Illustration of man and women piecing together an idea.

For those working in highly agile development organisations, there remains to be pockets of misalignment or certainly a misperception that designing ahead of the team is idealistic or worse still anti-Agile. The idea that prefacing delivery with some work upfront to explore and architect the desired experience will somehow fly in the face of agility.
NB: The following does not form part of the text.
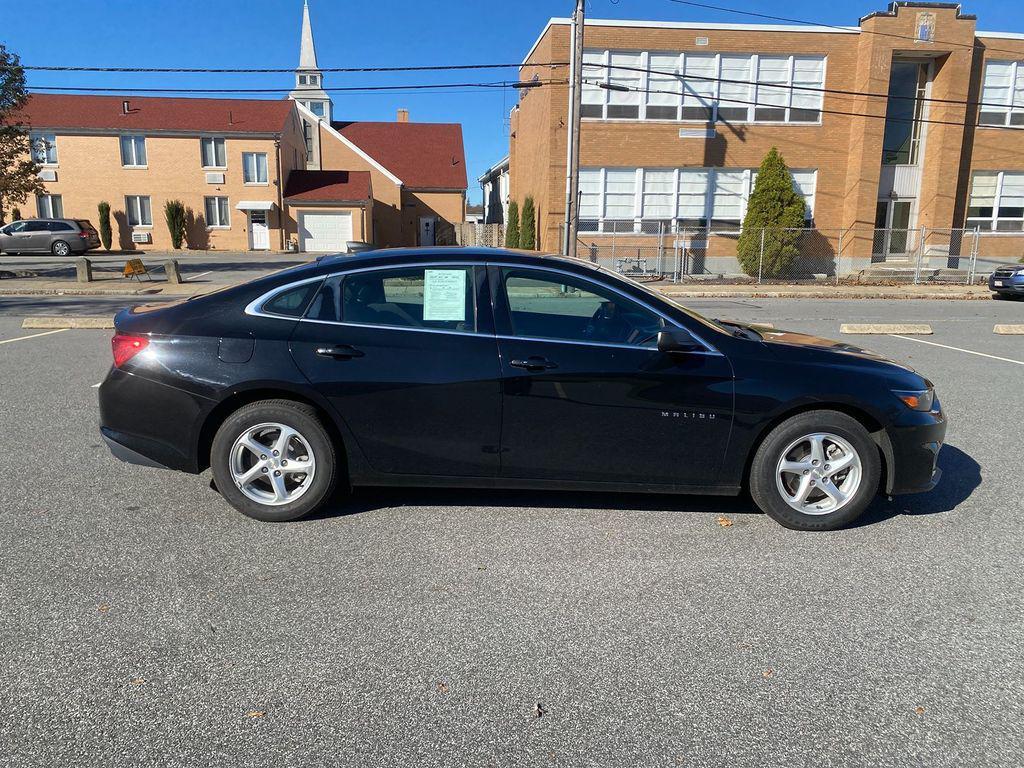 used 2018 Chevrolet Malibu car, priced at $15,988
Why is that?

I believe this misperception represents the remnants of the days of waterfall and the hangover of the era of Agile that is yet to embrace the idea that a plan is not a specification and the absence of a plan — or any sense of direction for that matter — leads us to deliver without trajectory.

As

said in a recent article on Agile won’t get you to Done:

“Done” gets you an output. “Validated” gets you an outcome.”

As such, Design’s job is to help guide and shape our delivery efforts, to give purpose and intent to execution and to define and articulate the experiences we believe will influence customer behaviour (outcomes).

The absence of this upfront knowledge-work places an unfounded reliance on Agile and iterative delivery to simply just show us the way. In Agile we trust! But few great things in life are achieved without a plan and some semblance of a vision for where we are trying to get to.

Agile without direction is the proverbial fly with one wing removed. It spins at pace, sure, but with little to no sense of direction or momentum. In other words, all velocity, no trajectory!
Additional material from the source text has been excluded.